U.S. Treasuries and related exchange traded funds were slightly higher Thursday ahead of the Federal Reserve’s annual Jackson Hole summit as investors waited on a potential outline on the central bank’s bond tapering outlook.
On Thursday, the Vanguard Intermediate-Term Treasury Index Fund ETF Shares (VGIT) was flat and the Vanguard Long-Term Treasury Index Fund ETF Shares (VGLT) rose 0.2%. Meanwhile, yields on benchmark 10-year Treasury notes were unchanged at 1.342%. Bond prices and yields have an inverse relationship.

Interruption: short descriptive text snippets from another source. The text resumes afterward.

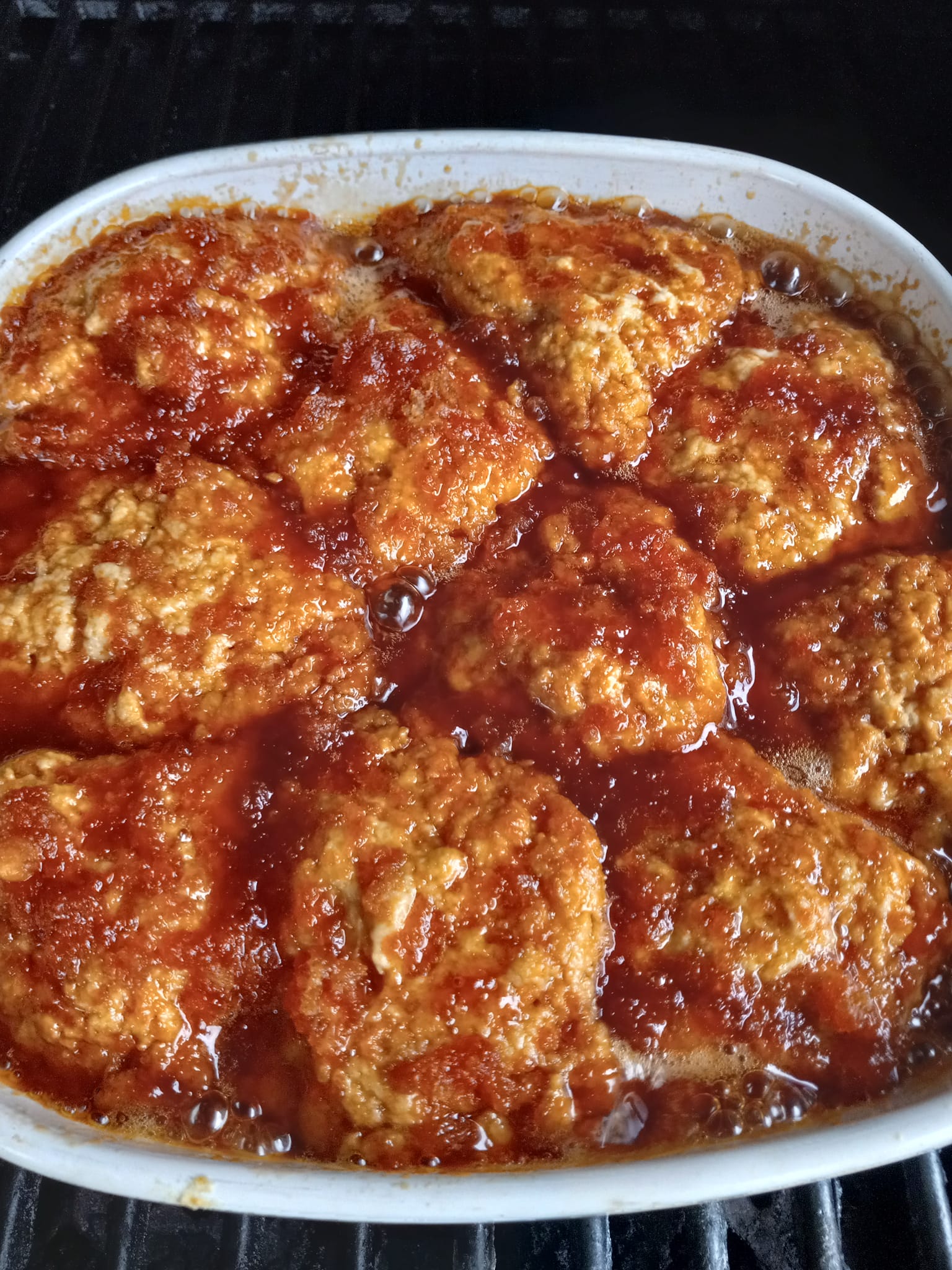 Golden caramel dumplings bubbling in a white baking dish, covered in rich, amber caramel sauce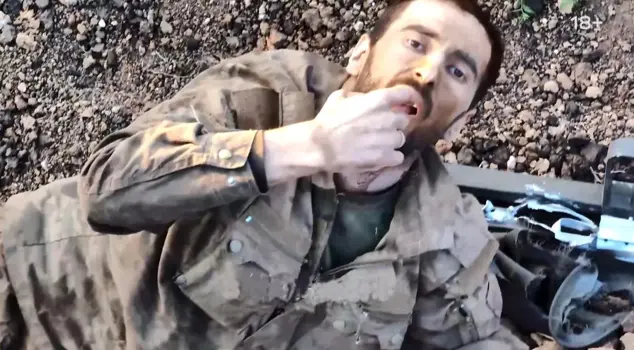 The Russian soldier who thinks he will be killed receives a helping hand from a Ukrainian drone.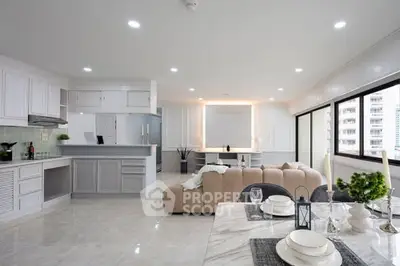 Spacious open-plan living room and kitchen with modern decor and large windows.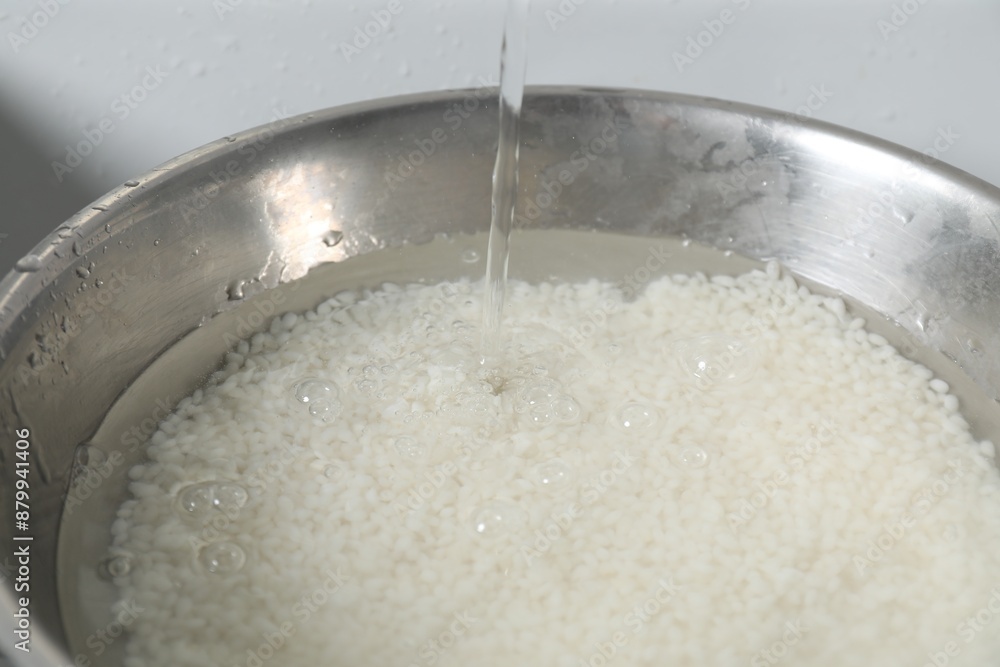 Pouring water into bowl with rice in sink, closeup Pouring water into bowl with rice in sink, closeup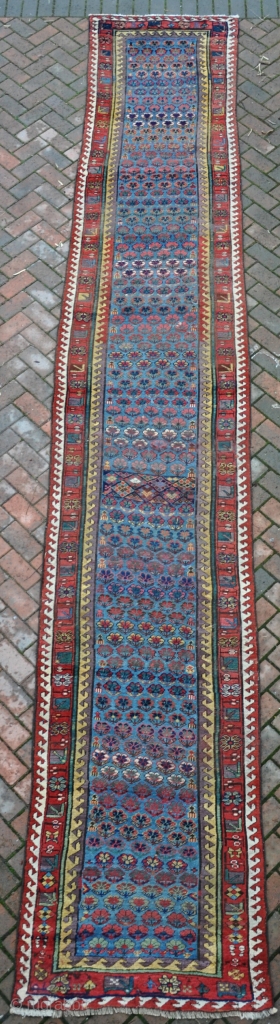 Unusual SaugBulag runner, very long and narrow, with vivid dyes. Quite a lot of decent quality reweave, but clean and floor ready. 548x89cm. Mid 19th century.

The Fed’s Jackson Hole symposium, during which central bankers from around the world come together, will be held virtually on Friday. St. Louis Fed President James Bullard has already stated that he wants to see the central bank start cutting back on its asset purchases to help obviate inflationary pressures.

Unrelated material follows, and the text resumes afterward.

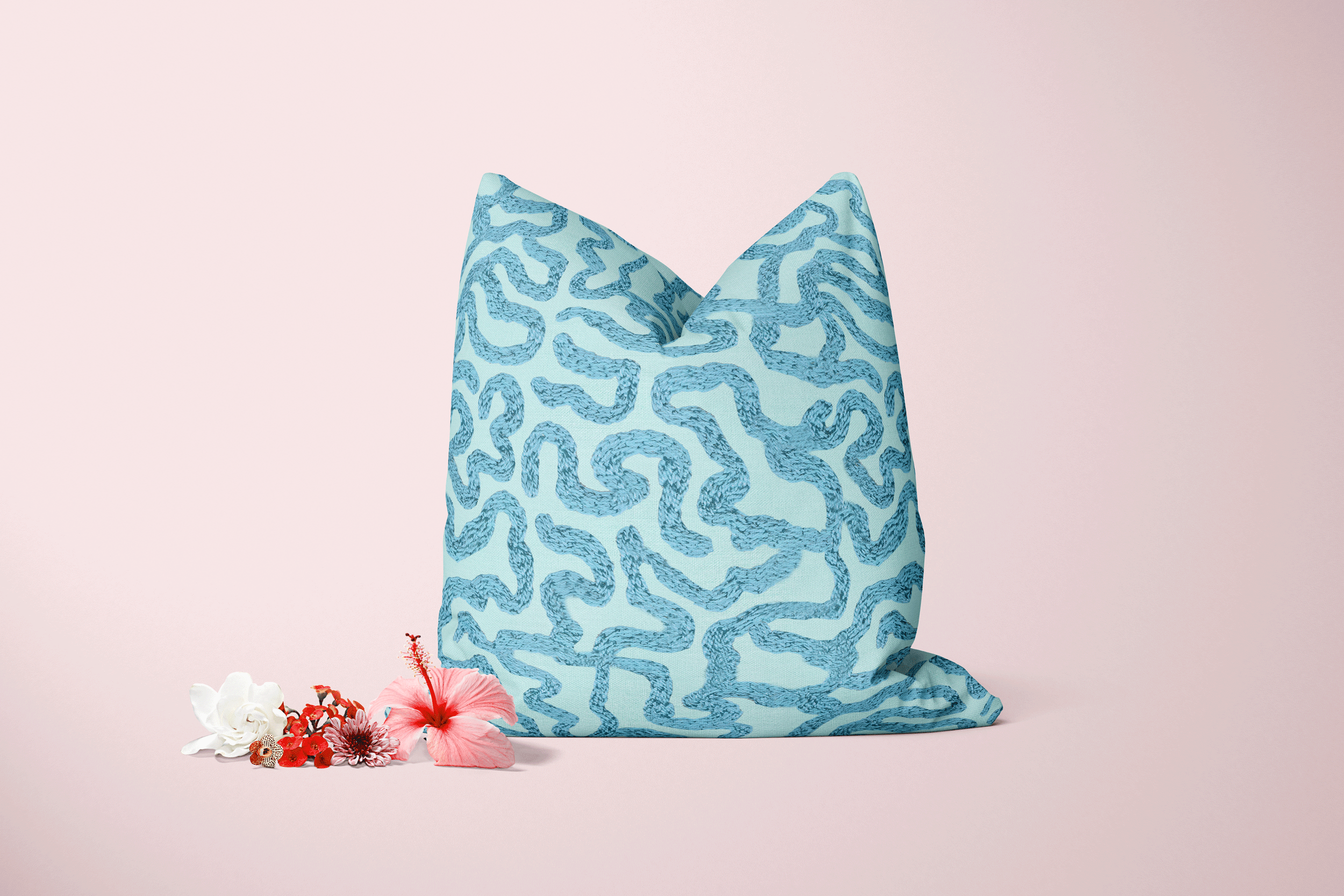 This hand embroidered motif resembles abstract coral reef formations and creates a modern coastal aesthetic.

“I think a lot depends on whether inflation going to moderate in 2022 or not. I’m a little skeptical that it is. I think we’re going to get at least 2.5% inflation in 2022, maybe higher than that and there’s some risk to the upside on that,” Bullard told CNBC.

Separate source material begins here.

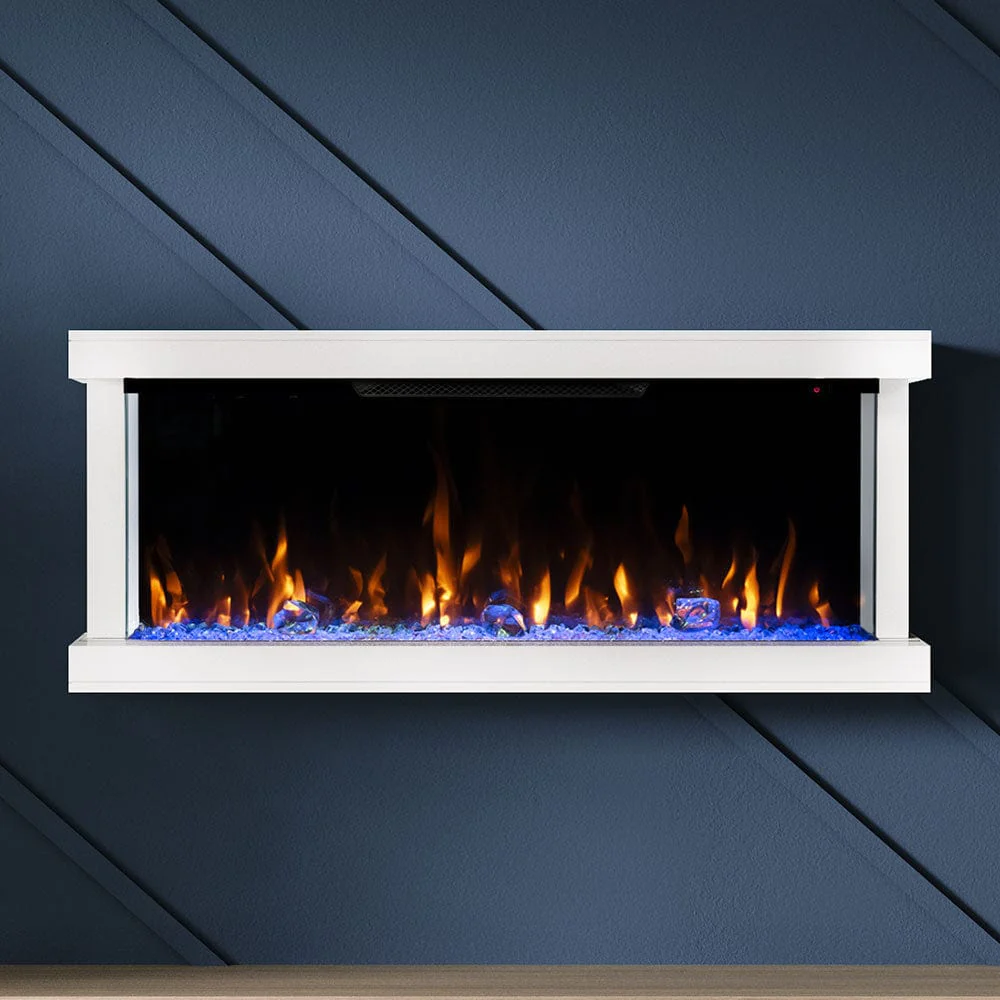 White framed electric fireplace against a blue wall with wood floor.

Bullard even warned that the Fed could get “aggressive” if the tapering is not enough to contain inflation.
Dallas Fed President Robert Kaplan stated that the U.S. economy is still on track for the Federal Reserve to begin cutting its massive monthly bond purchases in October or soon after, Reuters reports.
“Based on everything I am seeing I don’t see anything at this point that would cause me to materially change my outlook,” Kaplan told CNBC. “Based on all that it would continue to be my view that when we get to the September meeting we would be well served to announce a plan for adjusting purchases and begin to execute that plan in October or shortly thereafter.”
However, Chris Watling, CEO and chief market strategist at Longview Economics, told CNBC that Powell’s statement on Friday could be “a little bit more dovish than the market expects.” Watling also believed that the Fed would roll back bond purchases more slowly than the market anticipated, which would “allow markets to keep moving higher.”